Oh god. Please help me figure out what index to put in for this. I see this in all my slow logs since it doesn't use indexes. It's called on pretty much every page on my forum.

code:
SELECT moderator.mid as is_mod, moderator.allow_warn, m.*, g.*
FROM ibf_members m
	LEFT JOIN ibf_groups g ON (g.g_id=m.mgroup)
	LEFT JOIN ibf_moderators moderator ON (moderator.member_id=m.id OR moderator.group_id=m.mgroup )
WHERE m.id=592;
code:
id 	select_type 	table 	type 	possible_keys 	key 	key_len 	ref 	rows 	Extra
1 	SIMPLE 	m 	const 	PRIMARY,id 	PRIMARY 	3 	const 	1 	 
1 	SIMPLE 	g 	const 	PRIMARY 	PRIMARY 	4 	const 	1 	 
1 	SIMPLE 	moderator 	ALL 	group_id,member_id 	NULL 	NULL 	NULL 	30
I can't, for the life of me, figure this out.

Victor
Jun 18, 2004

Triple Tech posted:

You don't union heterogeneous objects, that's what the evidence table is for. It has all of the pieces of evidence in the entire universe. The only thing in the other types is information specific to that piece of evidence.
You're correct -- I forgot you had stated the use of table inheritance. That addresses only part of my post. In particular, with the multi-table approach, you still need some metadata scheme to describe the tables and columns to users, and have the application itself metadata driven. It's not all peaches and cream. I have yet to be convinced that it is always a better approach than EVA.

Just to note, I have quite a bit of experience with using metadata to describe data structure and then automatically generate user interfaces from that metadata. In fact, my shop has an app that would very easily support the table inheritance model you propose. However, this is only because we have a pretty extraordinary metadata architecture -- something that took a lot of time to develop.

quote:

It's the whole "let's treat things that are wildly different as the same without factoring out the similarities" angle that I find ridiculous.
Hmmm, I could derive an attack against dynamic languages from that statement. :-p More to the point, you don't seem to be willing to do a solid comparison between table inheritance and EVA; instead, you argue on solidly ideological grounds. That's called ivory tower thinking in some places.

Rumsfoord, be careful of criticizing technique X because you have personal experience with technique X implemented in a particularly crappy way. Your multiple-values-for-a-given-attribute problem can be solved with a simple unique constraint. Trust me, duplicate, crappy data is in no way unique to EVA. Your performance worries of many joins or subqueries is alleviated by SQL2005's pivot operator, which I demonstrate in my short snippet on using EVA to store audit logs. Some of the crappier databases don't support pivot and it's a crying shame. I've written SQL2005 views that pivot over 25 columns, resulting in a view that has 2,000,000 rows, and performance was lightening-fast. Your color-vs-hue problem is merely a problem with enforcing semantically-unique attribute names.

Rabbi Dan
Oct 26, 2005

ASK ME ABOUT MY CREEPY FACEBOOK APP FOR STALKING GIRLS I DON'T KNOW
I'm trying to write an SQL query for my .NET AJAX AutoCompleteExtender control.
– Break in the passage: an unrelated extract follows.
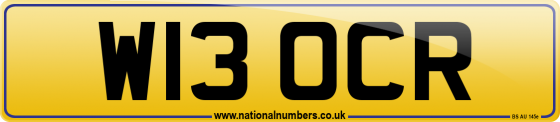W13 OCR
I have a bunch of records in a column in my database which are class titles and I'm trying to write the query that will get the suggestion results for the auto-suggest box.

Example class records might be:

"Contemporary Documentary Films"

"Electromagnetic Fields"

"Intermediate Calculus"


So far all I have is: SELECT * FROM Classes WHERE Title Like 'Prefix%'

But that only matches the first word in the title string. I want to make it so that typing "Doc" would match "Contemporary Documentary Films" just like typing "Cont" and "Fil" would. I can't just do WHERE Title Like '%Prefix%' because then weird stuff like "cum" would match "Documentary" in "Contemporary Documentary Films" which is undesirable.
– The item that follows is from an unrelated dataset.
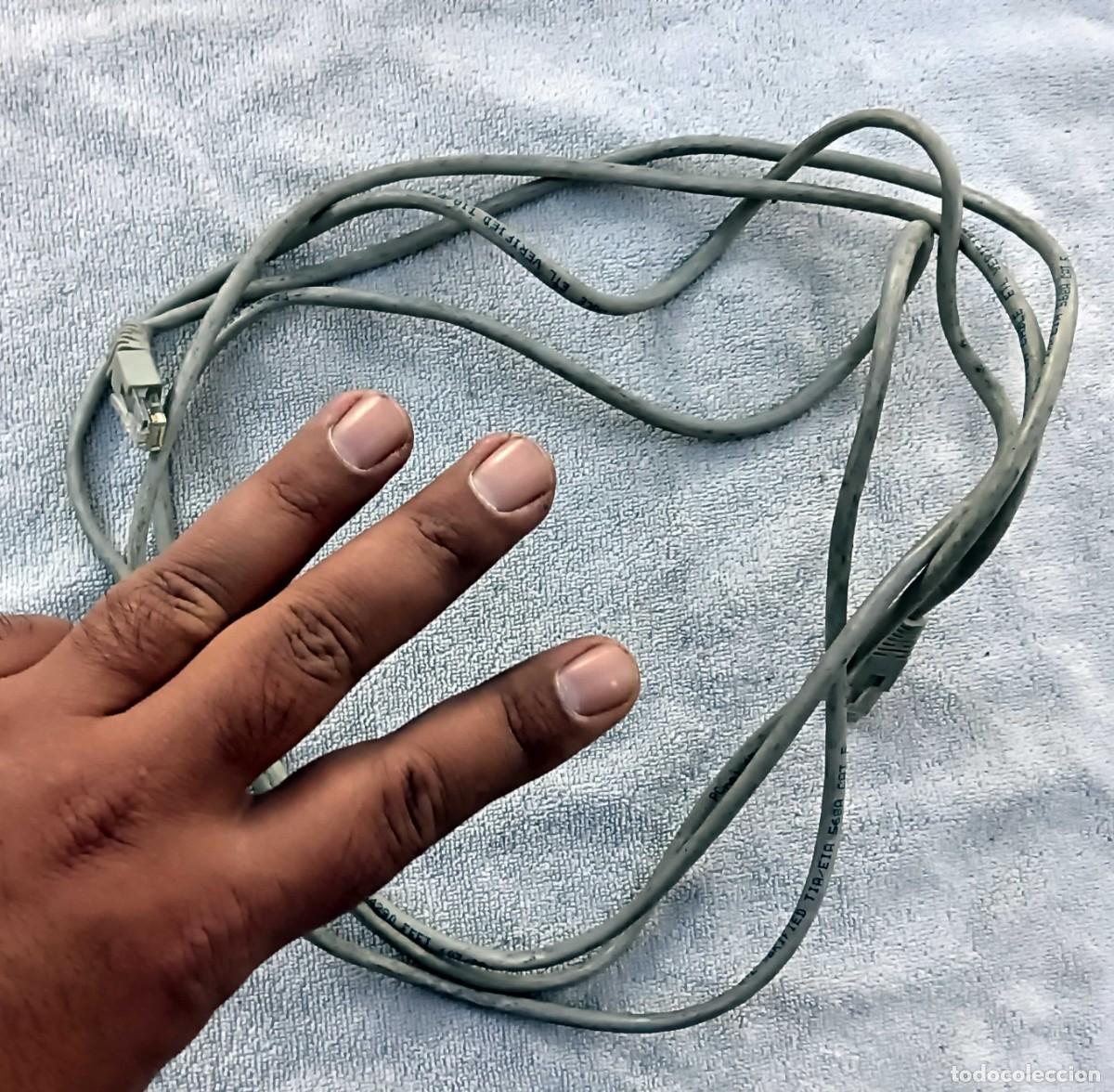 Segunda mano: CABLE DE RED ETHERNET RJ45 - 300 CM - COLOR GRIS - CONECTORES CON PROTECTOR - Cable directo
Could anyone please let me know how I can do this? Thanks!

Puddleboy
Feb 15, 2008

Rabbi Dan posted:

I'm trying to write an SQL query for my .NET AJAX AutoCompleteExtender control.
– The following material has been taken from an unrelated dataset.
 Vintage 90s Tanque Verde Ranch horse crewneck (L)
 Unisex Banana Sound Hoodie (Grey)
I have a bunch of records in a column in my database which are class titles and I'm trying to write the query that will get the suggestion results for the auto-suggest box.

Example class records might be:

"Contemporary Documentary Films"

"Electromagnetic Fields"

"Intermediate Calculus"


So far all I have is: SELECT * FROM Classes WHERE Title Like 'Prefix%'

But that only matches the first word in the title string. I want to make it so that typing "Doc" would match "Contemporary Documentary Films" just like typing "Cont" and "Fil" would. I can't just do WHERE Title Like '%Prefix%' because then weird stuff like "cum" would match "Documentary" in "Contemporary Documentary Films" which is undesirable.

Could anyone please let me know how I can do this? Thanks!


It looks like a simple solution to this would to be match only the beginning of each word which you could do with:

WHERE Title LIKE 'Prefix%" OR Title LIKE '% Prefix%';

Be sure to note the space in the second condition.

Rabbi Dan
Oct 26, 2005

ASK ME ABOUT MY CREEPY FACEBOOK APP FOR STALKING GIRLS I DON'T KNOW

Puddleboy posted:

It looks like a simple solution to this would to be match only the beginning of each word which you could do with:

WHERE Title LIKE 'Prefix%" OR Title LIKE '% Prefix%';

Be sure to note the space in the second condition.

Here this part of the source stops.